Problem:
Given the material below, return only the lines starting at the line with "如何修复个人微信聊天记录（如何修复个人微信聊天记录华为手机）" and ending at the line with "Tech Puzzle Pixel Technology logo design", exactly as they appear.

Data for this task:
━━━━━━━━
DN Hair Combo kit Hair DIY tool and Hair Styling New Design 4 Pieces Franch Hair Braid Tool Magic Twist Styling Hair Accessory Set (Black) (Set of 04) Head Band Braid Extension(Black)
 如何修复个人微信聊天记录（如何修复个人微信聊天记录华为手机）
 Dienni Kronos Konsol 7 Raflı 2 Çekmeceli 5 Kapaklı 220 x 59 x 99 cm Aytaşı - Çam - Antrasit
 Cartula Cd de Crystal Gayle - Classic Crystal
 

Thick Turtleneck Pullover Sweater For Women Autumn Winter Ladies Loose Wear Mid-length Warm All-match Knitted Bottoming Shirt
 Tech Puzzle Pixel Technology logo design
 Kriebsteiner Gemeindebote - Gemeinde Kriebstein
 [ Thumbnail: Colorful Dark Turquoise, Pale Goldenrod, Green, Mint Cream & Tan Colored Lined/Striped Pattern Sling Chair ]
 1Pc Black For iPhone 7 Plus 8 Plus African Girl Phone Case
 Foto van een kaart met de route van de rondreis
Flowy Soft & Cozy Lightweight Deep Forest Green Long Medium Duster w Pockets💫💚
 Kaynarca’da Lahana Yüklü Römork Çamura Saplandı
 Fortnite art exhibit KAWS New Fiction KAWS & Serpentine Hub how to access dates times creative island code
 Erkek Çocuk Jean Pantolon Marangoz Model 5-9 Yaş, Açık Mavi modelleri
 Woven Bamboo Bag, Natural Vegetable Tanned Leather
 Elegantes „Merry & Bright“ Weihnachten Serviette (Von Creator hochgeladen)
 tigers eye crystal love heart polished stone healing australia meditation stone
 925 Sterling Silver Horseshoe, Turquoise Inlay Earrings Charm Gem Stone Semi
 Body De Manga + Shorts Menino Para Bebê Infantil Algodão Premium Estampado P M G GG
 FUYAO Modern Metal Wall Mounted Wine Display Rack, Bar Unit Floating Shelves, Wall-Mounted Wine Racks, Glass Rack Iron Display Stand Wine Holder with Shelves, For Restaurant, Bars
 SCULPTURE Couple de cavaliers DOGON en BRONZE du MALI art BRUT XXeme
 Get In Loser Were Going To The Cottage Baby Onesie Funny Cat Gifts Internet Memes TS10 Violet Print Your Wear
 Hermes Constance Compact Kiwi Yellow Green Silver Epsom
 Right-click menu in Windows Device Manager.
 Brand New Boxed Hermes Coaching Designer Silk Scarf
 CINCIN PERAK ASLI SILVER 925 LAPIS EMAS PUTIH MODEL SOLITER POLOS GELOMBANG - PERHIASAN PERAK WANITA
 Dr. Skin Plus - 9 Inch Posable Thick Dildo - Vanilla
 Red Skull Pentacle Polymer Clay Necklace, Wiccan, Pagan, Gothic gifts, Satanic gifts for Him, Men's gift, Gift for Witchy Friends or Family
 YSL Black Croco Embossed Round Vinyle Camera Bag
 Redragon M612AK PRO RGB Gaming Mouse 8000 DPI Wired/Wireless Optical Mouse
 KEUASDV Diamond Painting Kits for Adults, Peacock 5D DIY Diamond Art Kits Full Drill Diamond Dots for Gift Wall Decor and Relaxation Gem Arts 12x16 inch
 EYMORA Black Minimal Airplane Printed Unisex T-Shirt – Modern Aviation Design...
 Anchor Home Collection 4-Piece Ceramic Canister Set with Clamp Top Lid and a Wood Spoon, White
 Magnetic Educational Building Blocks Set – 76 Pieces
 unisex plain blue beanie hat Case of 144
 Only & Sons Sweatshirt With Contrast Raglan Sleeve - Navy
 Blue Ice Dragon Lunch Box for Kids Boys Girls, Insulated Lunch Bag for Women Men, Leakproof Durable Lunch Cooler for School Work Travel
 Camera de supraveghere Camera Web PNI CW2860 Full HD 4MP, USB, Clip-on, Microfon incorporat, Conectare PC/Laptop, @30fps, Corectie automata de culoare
━━━━━━━━
Reply:
 如何修复个人微信聊天记录（如何修复个人微信聊天记录华为手机）
 Dienni Kronos Konsol 7 Raflı 2 Çekmeceli 5 Kapaklı 220 x 59 x 99 cm Aytaşı - Çam - Antrasit
 Cartula Cd de Crystal Gayle - Classic Crystal
 

Thick Turtleneck Pullover Sweater For Women Autumn Winter Ladies Loose Wear Mid-length Warm All-match Knitted Bottoming Shirt
 Tech Puzzle Pixel Technology logo design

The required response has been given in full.